The data which was extracted included study design, population, setting, participant information, type of advanced physio practice and usual medical care and types of economic evaluation.
The methodological quality of the studies was assessed by two authors with final scores reached by consensus using the the EPHPP tool and section A & B of CASP. the GRADE approach was used to grade the overall quality of the evidence.
In terms of economic evaluation all costs were adjusted for inflation according to the studies original country and converted to euros with all calculations available in the supplementary information.
Studies that measured cost from a similar perspective were pooled together into separate meta-analysis. The inverse variance method was used to weigh each study and was calculated using random effects models. for studies not pooled into meta-analysis a narrative synthesis was performed.
Results & Clinical importance
In total 12 studies were included within the review (n=14,649) of which four were RCTs, three were prospective cohort studies, four retrospective cohort studies and one economic modelling study.
All studies measured health system cost, five measured patient costs and two measured productivity. The four observational studies measured clinician salary only.
A number of different methods to calculate economic evaluation were used including cost-minimisation analysis, cost-utility analysis and cost-benefit analysis.

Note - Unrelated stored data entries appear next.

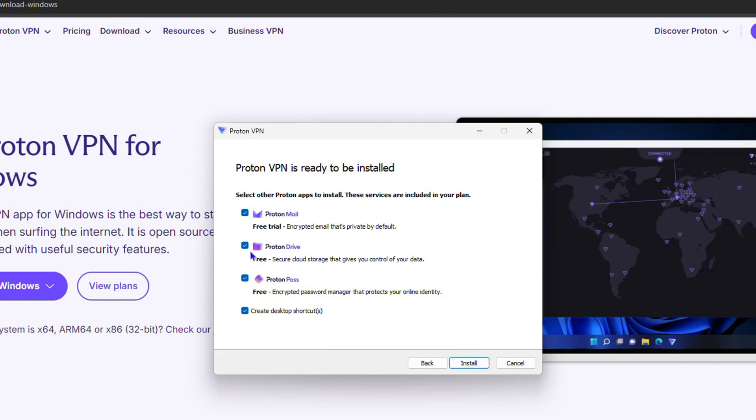You can go ahead and click on these and you have Proton Mail and all of these good stuff. You can choose if you want all of these things as well. It says select other Proton apps to install. If you want any of these you can choose it. If you don't, just go ahead and uncheck these. I'm going to uncheck them because I don't really want this on my PC at the moment.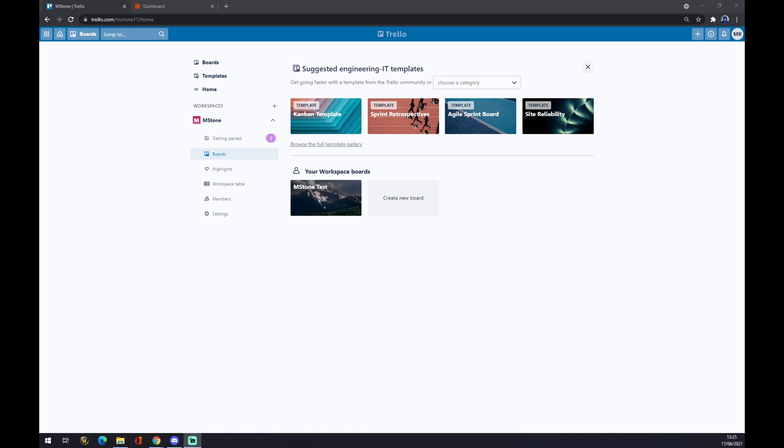Hello guys, my name is Matthew and in today's video I'm going to show you how you can integrate Trello with Miro. First of all, we have to create an account at trello.com.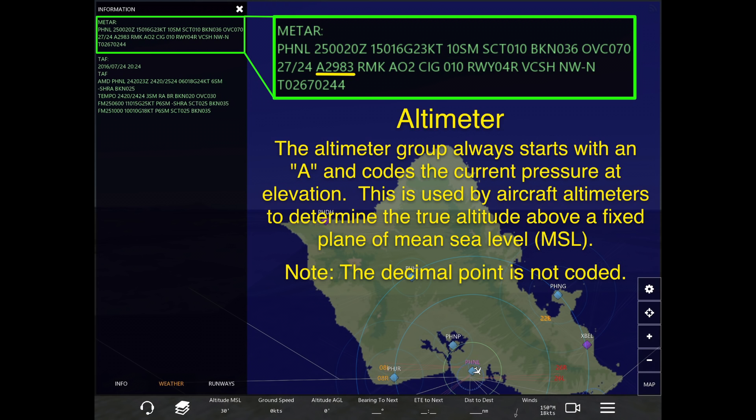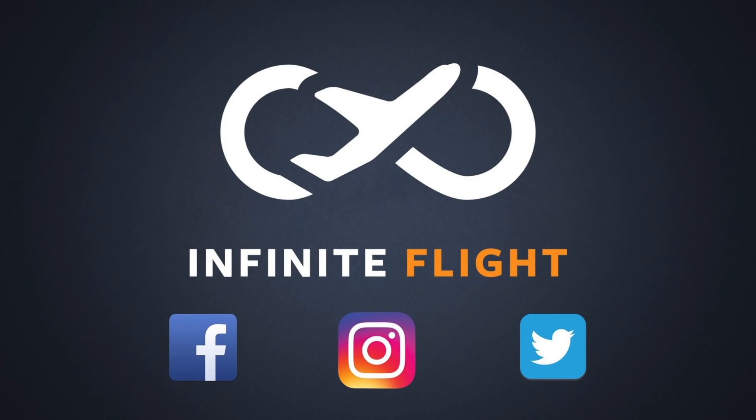If you were listening to ATIS prior to contacting clearance delivery, you would see alpha 2983 for the altimeter, and it would read "altimeter 29.83." To clarify, we are not adding ATIS back to the ATC features right now — I was just using that as an example of what real-world pilots do: dial into ATIS and listen to the frequency for information before contacting clearance delivery.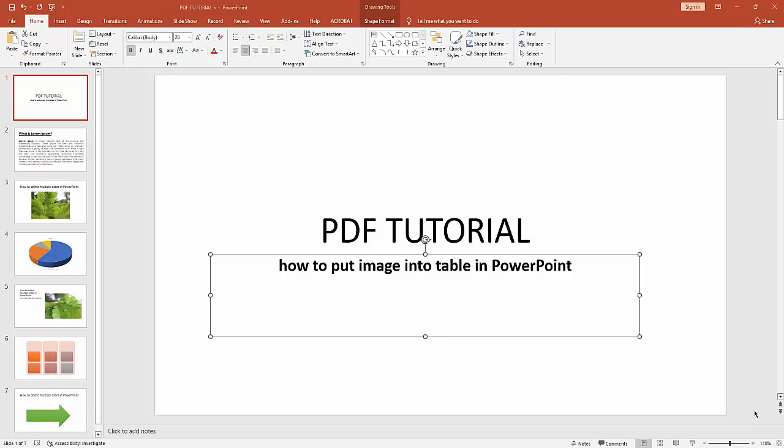Assalamualaikum, hello everyone, how are you? Welcome back to my another video. In this video I am going to show you how to put image into table in Microsoft PowerPoint. Without further ado, let's get started. At first you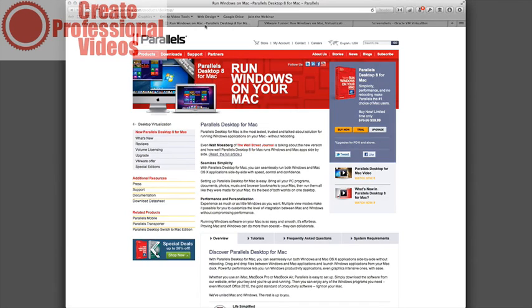So what we're going to do in the next video is we're going to take a look at Expression, which is a free application from Microsoft. So I'll see you there.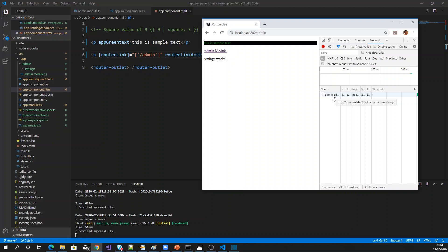This is the way we implement lazy loading in Angular 9. Hope you enjoyed and understand how to do lazy loading in Angular 9. Please subscribe if you would like to see more tech videos like this — thank you.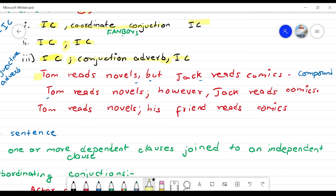Pattern B: 'Tom reads novel; however, Jack reads comics.' Here there is an independent clause, semicolon, conjunctive adverb, independent clause. Pattern C: 'Tom reads novels; his friend reads comics.' — independent clause, semicolon, independent clause. This is also a compound sentence.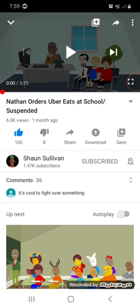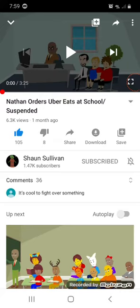Hi guys, Windows Chevy 2006 here, and today I will be reacting on Sean Sullivan's video called Nathan Orders Uber Eats at School such as Suspended.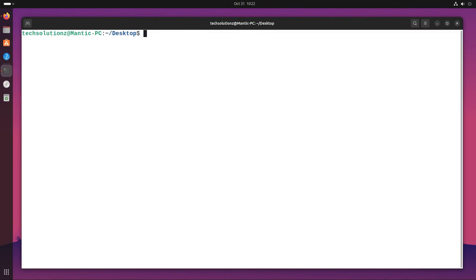It's done. Wine has been successfully installed. You can check the Wine version with this command.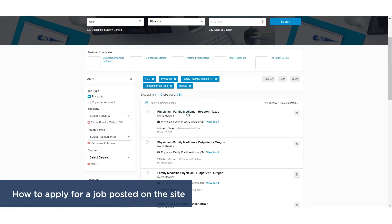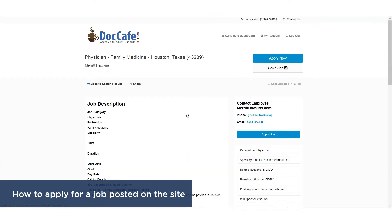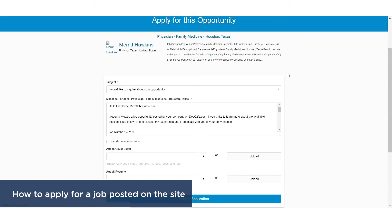Click on the job you are interested in. Click on Apply Now on the top right corner. An email template will open with the job information. Edit the subject and message of the email.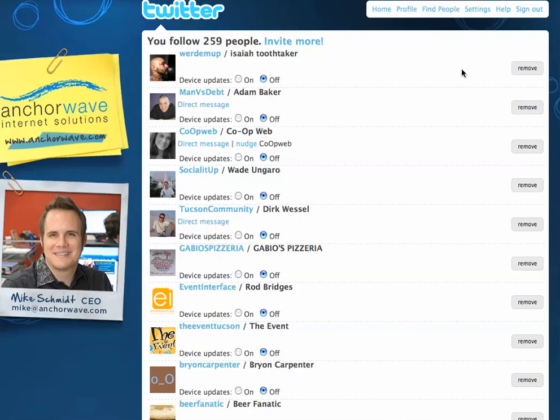This is Mike Schmidt from AnchorWave Internet Solutions, and you're watching Learning Twitter One Minute at a Time.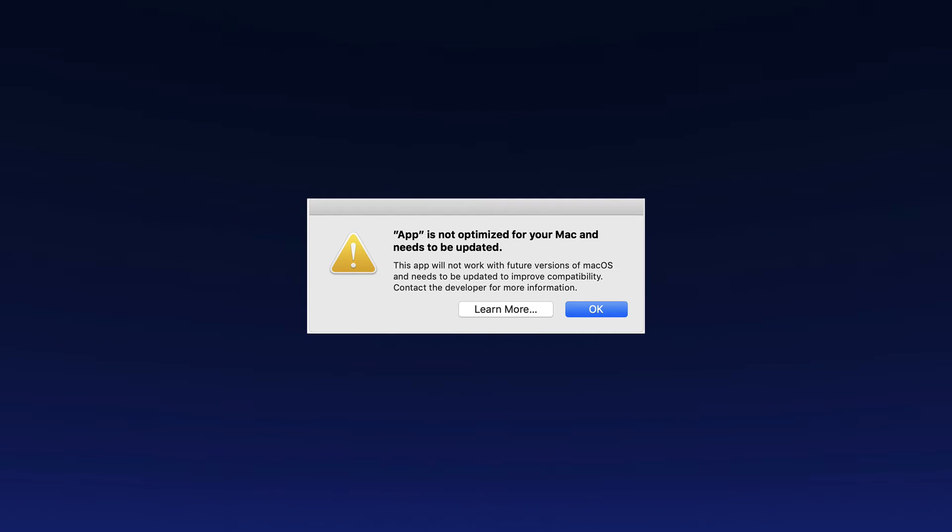So there's a good chance that you have seen this warning message when you open up certain apps on your Mac. You may not have known what it meant, but now you do. Apple has been making the transition to 64-bit apps for a long time. This is not a surprise for the developers—they've had plenty of time to update their apps to 64-bit.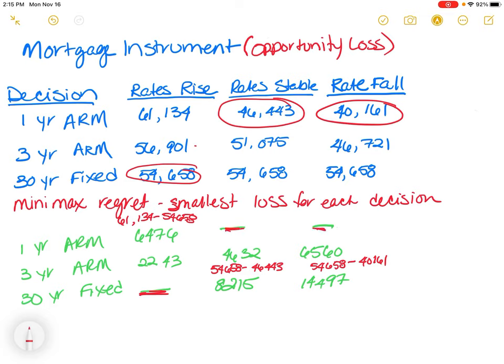If rates are stable, $46,443 is the amount I would choose. I would then subtract that from the other two amounts — from the three-year ARM and from the 30-year fixed. Similarly, if rates fall, I would select $40,161 and subtract that from the other two amounts. This gives me the completed opportunity loss table.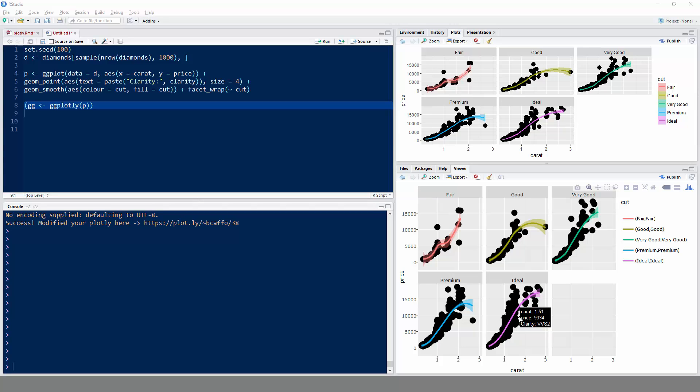The last thing I want to do is show you how to post to Plotly directly. I created in the last video this ggplot example, and here it is over here.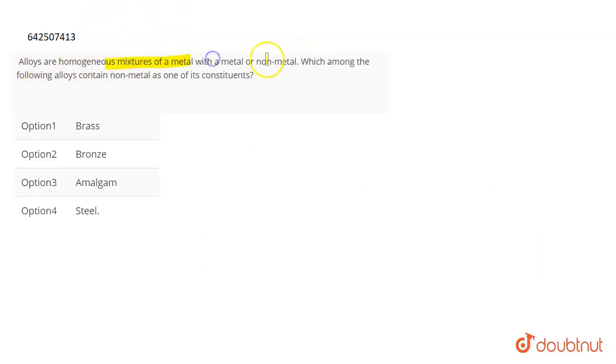Which among the following alloys contains non-metal as one of its constituents?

Overall care provided by advanced physio practitioners were compared to care provided by orthopaedic surgeons, emergency physicians, GPs, gynaecologists, nurse practitioners and osteopaths.
The vast majority of patients included had musculoskeletal disorders and were seen in primary care or specialist orthopaedic settings. Four studies were conducted in the UK, four in Australia, two in Sweden, one in Ireland and one in the US.
In terms of quality and risk of bias one study was high quality, six moderate quality and five low quality.
Ten studies performed cost-minimisation analysis. All ten, four were RCTs and six were observational, reported equivalent cost in terms of clinical effectiveness between APPs and usual medical care.
For health system costs six studies were included within a meta-analysis. Overall health system cost per patient was lower with advanced physio practitioner care than usual medical care at 2 and 12 months follow up. The meta-analysis demonstrated a potential saving of 145.02€ (95%CI 251.89€ – 38.14 p= 0.008) but this reduced to 42.03€ (95% CI − 120.30€ to +36.23€ p= 0.29) if only RCTs are used.
These savings are not seen in emergency care settings where APPs are marginally more expensive than usual care however the skills and qualifications of the APPs used in the studies are unclear and this setting may not be appropriate.
In terms of productivity there appears to be no difference between APPs and UMC. Based on modelling and APP model of care involving an APP-led MDT for non-surgical orthopaedic patients was more expensive by 174.83 €/patient but led to 0.23 improvements in QALY.
When compared to nurse practitioners health system costs per patient is lower with APP care with a saving 88.28 € (95%CI: − 128.04 to −48.52 P= <0.0001). The saving was greater with APPs compared to osteopaths (MD: 299.44 €; 95%CI: 485.21 to 113.68) and physician assistants (MD: 468.38 €; 95%CI: 530.40 to 406.35).
Overall this meta-analysis suggests that healthcare system costs per patient are lower with APPs than usual models are care. However measured cost differences were inconsistent between studies reducing overall confidence in the findings. It also appears cost saving is setting and country dependent in favour of European countries.